■ RECORD EXTRACTS
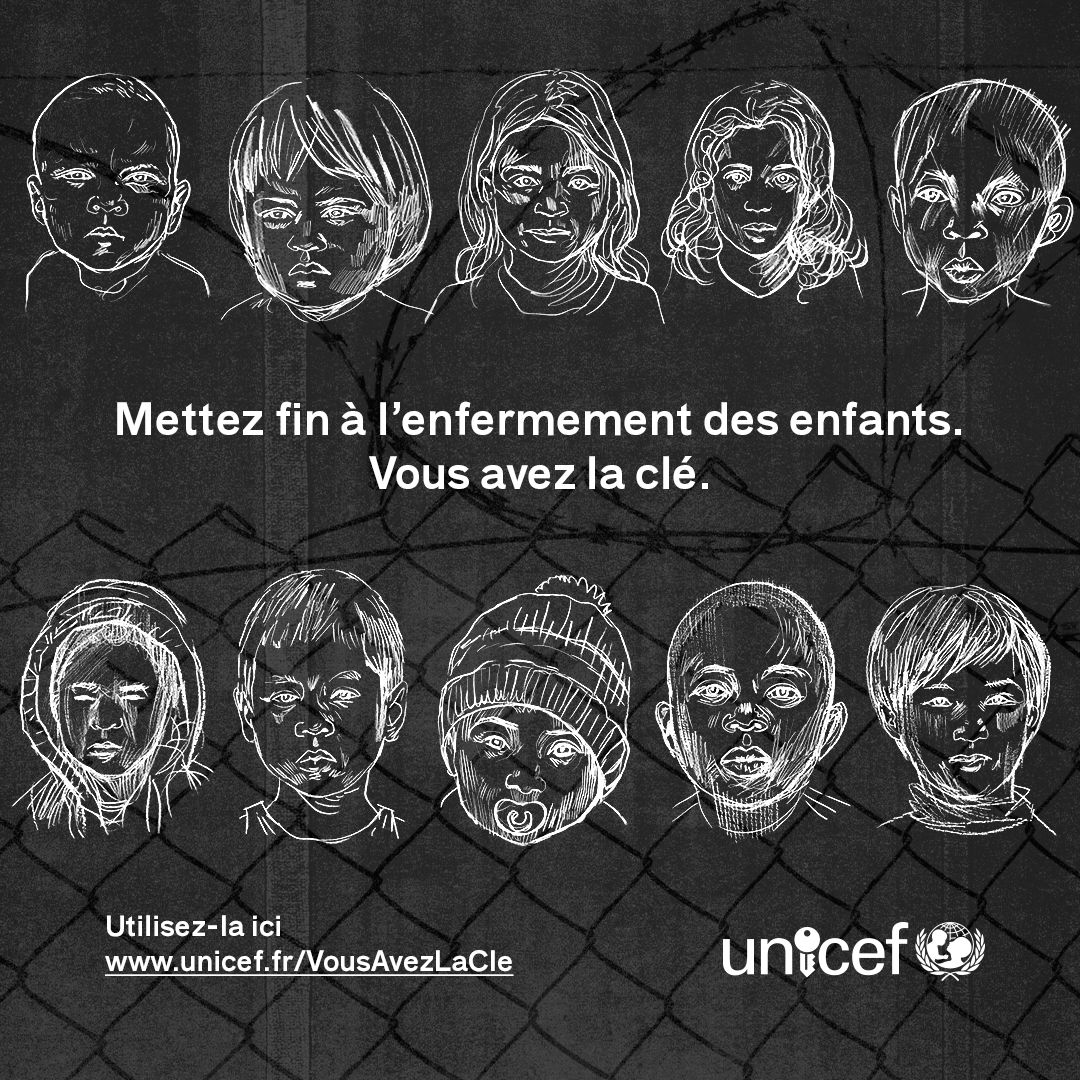 Campagne UNICEF sur la rétention des enfants - "On n'enferme pas un enfant"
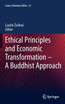 Ethical Principles and Economic Transformation - A Buddhist Approach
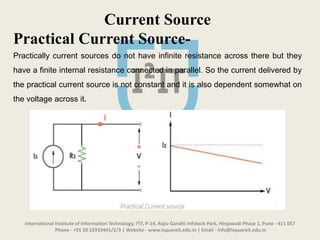 International Institute of Information Technology, I²IT, P-14, Rajiv Gandhi Infotech Park, Hinjawadi Phase 1, Pune - 411 057
Phone - +91 20 22933441/2/3 | Website - www.isquareit.edu.in | Email - info@isquareit.edu.in
Current Source
Practical Current Source-
Practically current sources do not have infinite resistance across there but they
have a finite internal resistance connected in parallel. So the current delivered by
the practical current source is not constant and it is also dependent somewhat on
the voltage across it.
 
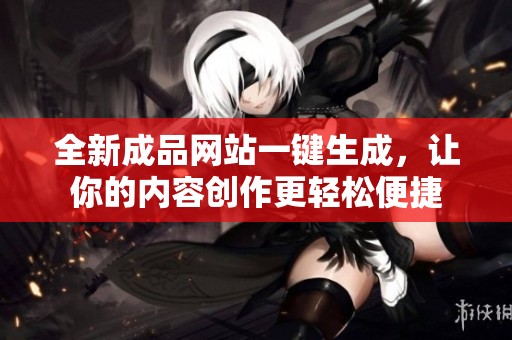 全新成品网站一键生成，让你的内容创作更轻松便捷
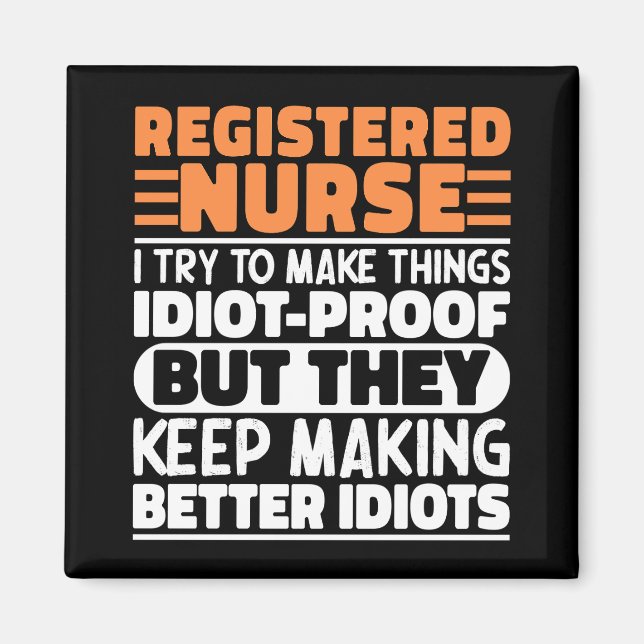 Registered Nurse I Try To Make Things Funny Saying Magnet (Front)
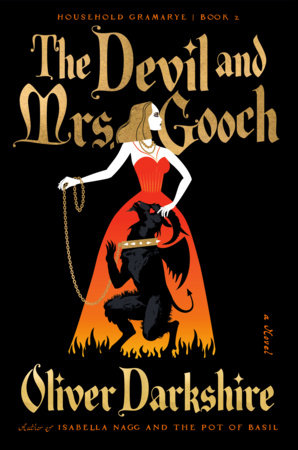 The Devil and Mrs. Gooch Hardcover by Oliver Darkshire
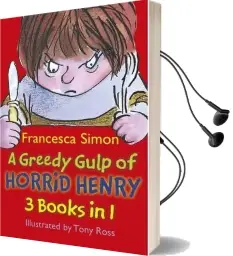 A Greedy Gulp of Horrid Henry 3-In-1: Horrid Henry Abominable Snowman/Robs the Bank/Wakes the Dead Audiobook download free by Francesca Simon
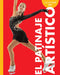 Curiosidad Por El Patinaje Artístico by Krissy Eberth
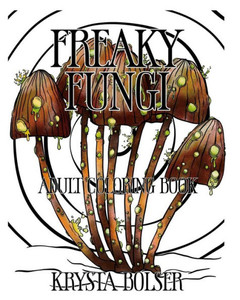 Freaky Fungi : Adult Coloring Book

■ INSTRUCTIONS FOR THE TASK
The answer must be an exact copy of the records, with no pictures in it.

■ TASK RESPONSE
 Campagne UNICEF sur la rétention des enfants - "On n'enferme pas un enfant"
 Ethical Principles and Economic Transformation - A Buddhist Approach
 International Institute of Information Technology, I²IT, P-14, Rajiv Gandhi Infotech Park, Hinjawadi Phase 1, Pune - 411 057
Phone - +91 20 22933441/2/3 | Website - www.isquareit.edu.in | Email - info@isquareit.edu.in
Current Source
Practical Current Source-
Practically current sources do not have infinite resistance across there but they
have a finite internal resistance connected in parallel. So the current delivered by
the practical current source is not constant and it is also dependent somewhat on
the voltage across it.
 
 全新成品网站一键生成，让你的内容创作更轻松便捷
 Registered Nurse I Try To Make Things Funny Saying Magnet (Front)
 The Devil and Mrs. Gooch Hardcover by Oliver Darkshire
 A Greedy Gulp of Horrid Henry 3-In-1: Horrid Henry Abominable Snowman/Robs the Bank/Wakes the Dead Audiobook download free by Francesca Simon
 Curiosidad Por El Patinaje Artístico by Krissy Eberth
 Freaky Fungi : Adult Coloring Book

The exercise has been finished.